Fressingfield villagers fear old sewers will not cope
Worried villagers in Fressingfield are calling for action after sewers in the village overflowed for the fourth time in four months.
Water, toilet paper, food debris and other human waste burst through three manhole covers over the Easter Bank Holiday, leaving residents fuming.
They say that flooding and sewerage problems have been a problem for more than 20 years – and are getting worse.
A total of 53 new homes have been approved for the village with a further three applications for 233 properties in the offing, more than doubling the size of the village.
“The sewers in Fressingfield are already overflowing and the system cannot cope,” said resident Sharon Lytton.
“Horrible stinking sewage is regularly bubbling into Low Road with heavy rain.
“We are worried that any more households coming onto the system would create even worse problems, such as sewage backing up into their homes.
“Many residents are convinced the sewer system is at capacity and can take no more houses.”
Residents formed a pressure group called Supporters Against Fressingfield Expansion (Safe) last year.
Mid Suffolk District Council currently has no five-year housing land supply plan, which residents claim leaves the door open for developers.
“Under current regulations, developers don’t have to pay for any extra sewer capacity needed when they build,” added Mrs Lytton.
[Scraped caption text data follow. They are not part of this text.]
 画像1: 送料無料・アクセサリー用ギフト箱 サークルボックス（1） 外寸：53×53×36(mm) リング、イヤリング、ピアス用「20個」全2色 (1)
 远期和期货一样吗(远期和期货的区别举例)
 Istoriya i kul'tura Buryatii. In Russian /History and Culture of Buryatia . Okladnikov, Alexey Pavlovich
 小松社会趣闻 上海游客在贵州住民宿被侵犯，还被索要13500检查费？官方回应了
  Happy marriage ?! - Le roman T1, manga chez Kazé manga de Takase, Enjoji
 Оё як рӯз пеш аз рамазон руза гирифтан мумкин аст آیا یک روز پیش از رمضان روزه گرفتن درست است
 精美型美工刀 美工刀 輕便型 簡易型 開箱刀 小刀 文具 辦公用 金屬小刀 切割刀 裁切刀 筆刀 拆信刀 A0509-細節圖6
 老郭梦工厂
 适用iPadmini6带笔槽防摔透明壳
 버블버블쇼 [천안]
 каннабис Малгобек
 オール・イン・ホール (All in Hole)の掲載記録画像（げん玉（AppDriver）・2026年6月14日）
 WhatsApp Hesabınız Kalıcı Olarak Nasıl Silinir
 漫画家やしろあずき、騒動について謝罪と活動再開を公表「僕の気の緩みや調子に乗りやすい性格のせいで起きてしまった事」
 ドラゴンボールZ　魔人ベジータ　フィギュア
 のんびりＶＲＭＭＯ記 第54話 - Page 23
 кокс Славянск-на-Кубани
“Anglian Water only invests in added capacity or upgrades when it is commercially viable.
“It is also only able to comment on individual applications and not on the cumulative effect on the sewers of multiple applications.
“Mid Suffolk is the accountable authority, yet is under tremendous pressure from government to approve major housing applications.
“Despite the many concerns put to Anglian Water, Mid Suffolk Council and Suffolk County Council about sewage and flooding, there still seems to be no solution.
“Overflowing sewage poses a public health hazard and cannot be acceptable in 21st century England.”
Residents say flooding on Low Road, the lowest point of the village, is a regular problem.
“When the sewers come up, this disseminates waste over 300 yards,” said Dr John Castro, chairman of Safe.
“Early correspondence as far back as 1998 between the then MP and Anglian water proves this has been a problem for a long time. These sewers were originally built in 1946.”
An Anglian Water spokesperson, said: “The sustained heavy rainfall we have experienced recently has led to additional surface water and groundwater entering the foul sewerage network at Low Road pumping station, which has led to some surface flooding in the area.
“Under normal conditions, the pumping station has plenty of capacity to service the houses in its catchment.
“In addition, last year we made some improvements to the pumping station which has improved the overall flow capacity through the sewer.
“Since this work was completed, we have had no technical issues at the pumping station. The only two incidents since this work have been as a result of heavy rainfall in the area, which puts extra, but unusual, stress on the system.”
A spokesman for Mid Suffolk District Council, said: “The issues with the sewerage have been reported, and they will be considered and measured as part of the planning process.”
Regarding proposals for extra housing, the spokesman, added: “We have carried out an assessment of all the proposed major development sites in Fressingfield, looking at sewerage network capacity, surface water drainage and the Water Recycling Centre capacity and we have provided Mid Suffolk DC with our thoughts and recommendations.
“We have raised concerns around foul sewerage network capacity with two of the proposed sites: land at Post Mill Lane and land off Stradbrook Road. We will continue to work with developers and the Local Planning Authority (LPA) and monitor the situation in Fressingfield. All our comments to the LPA are available to view on the Mid Suffolk website.”